- _Description of the task_:
Exactly and only the lines from the one with "645 N 12th St" through the last line of the records need to be set down; please skip the pictures.

::::

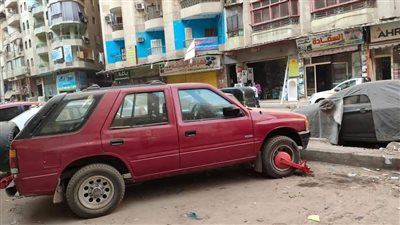 حملة مكبرة لكلبشة السيارات المتعدية على الطريق العام بحي الهرم | صور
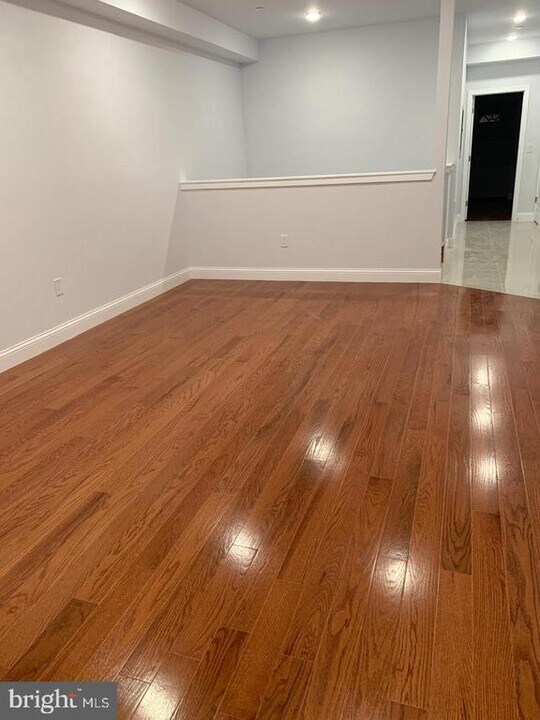 645 N 12th St in Philadelphia, PA - Building Photo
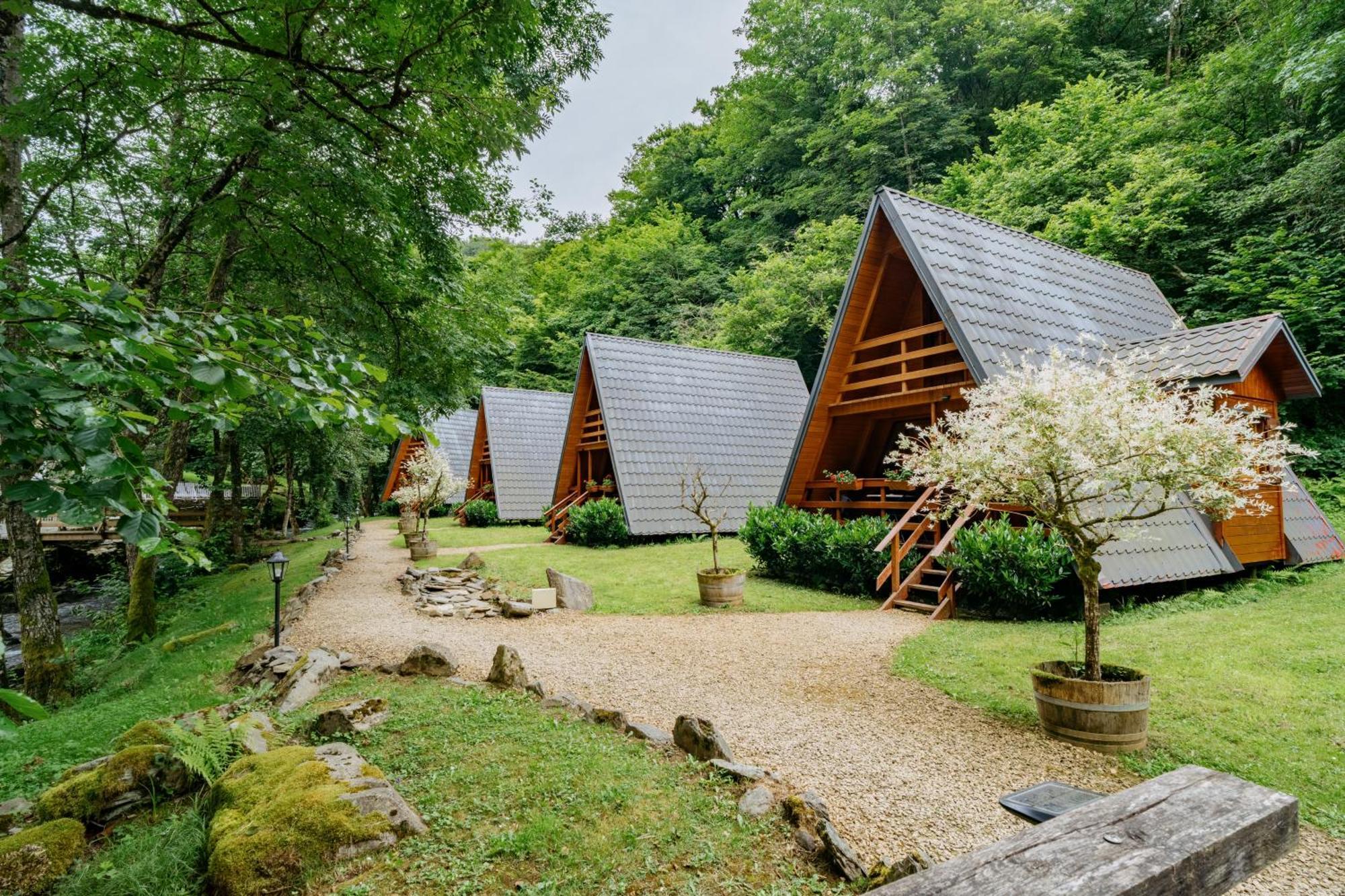 Hotel L'Eau Vive Vresse-sur-Semois ภายนอก รูปภาพ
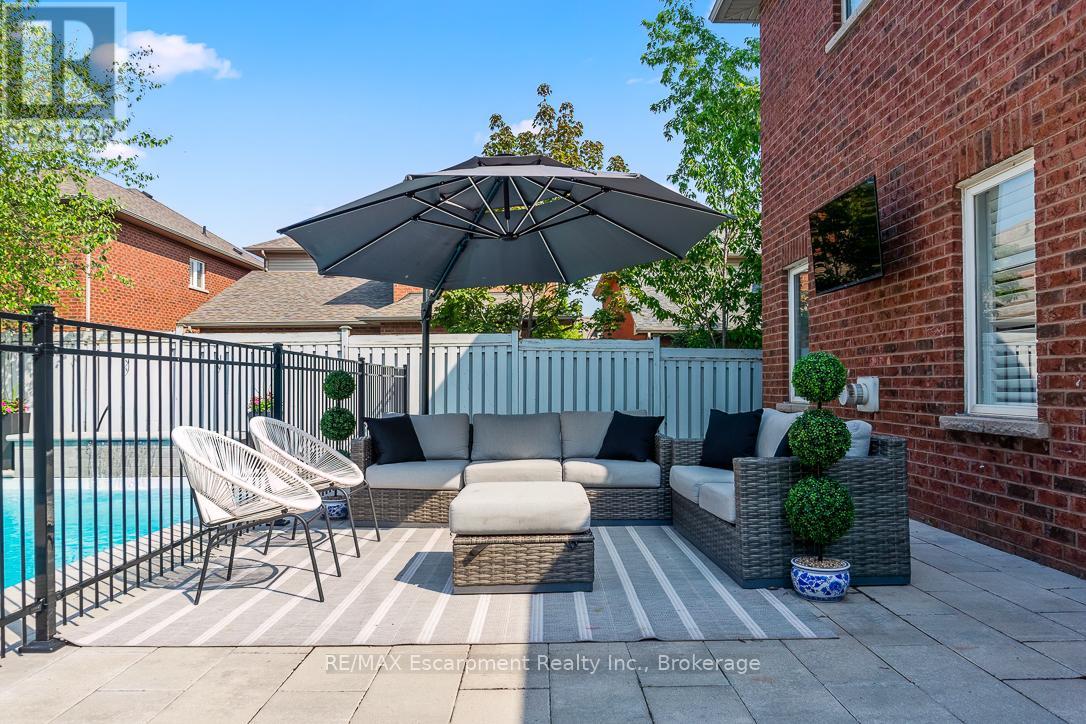 2301 Baronwood Drive, Oakville, Ontario  L6M 4Z6 - Photo 30 - W12410878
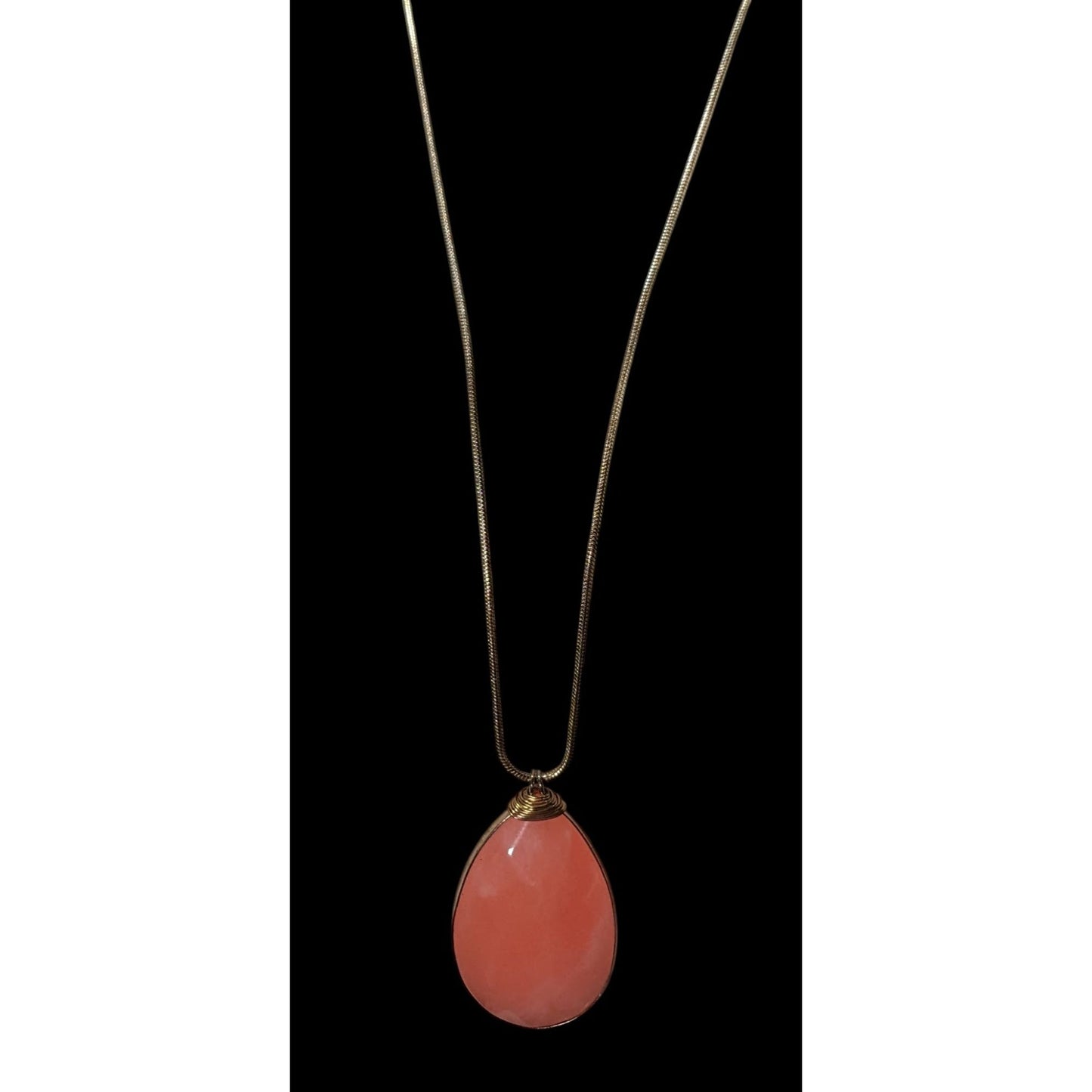 Retro Teardrop Simulated Pink Agate Faceted Teardrop Necklace On Gold Tone Chain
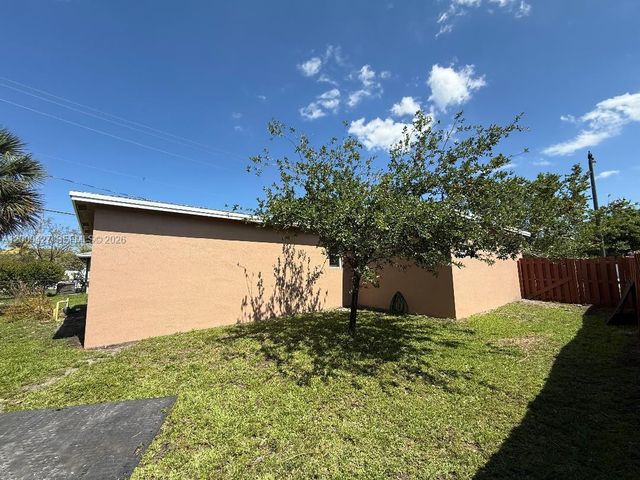 2713 NW 6th St, Pompano Beach, FL 33069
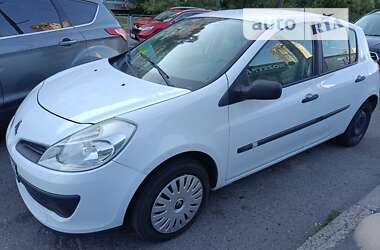 Хэтчбек Renault Clio 2005 в Луцке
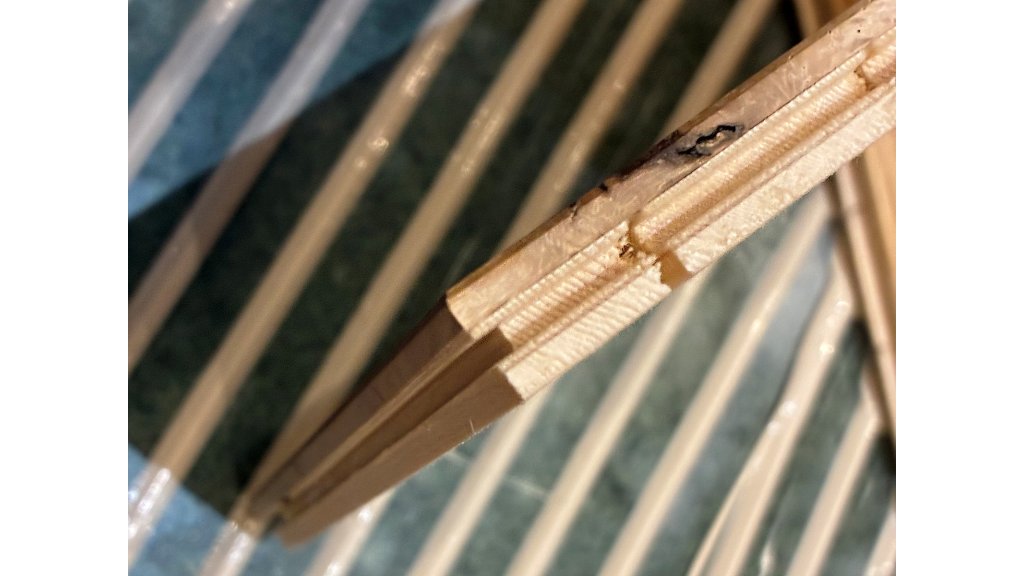 Dvouvrstvá podlaha Herringbone – detail spoje pero a drážka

::::

- _Exercise output_:
 645 N 12th St in Philadelphia, PA - Building Photo
 Hotel L'Eau Vive Vresse-sur-Semois ภายนอก รูปภาพ
 2301 Baronwood Drive, Oakville, Ontario  L6M 4Z6 - Photo 30 - W12410878
 Retro Teardrop Simulated Pink Agate Faceted Teardrop Necklace On Gold Tone Chain
 2713 NW 6th St, Pompano Beach, FL 33069
 Хэтчбек Renault Clio 2005 в Луцке
 Dvouvrstvá podlaha Herringbone – detail spoje pero a drážka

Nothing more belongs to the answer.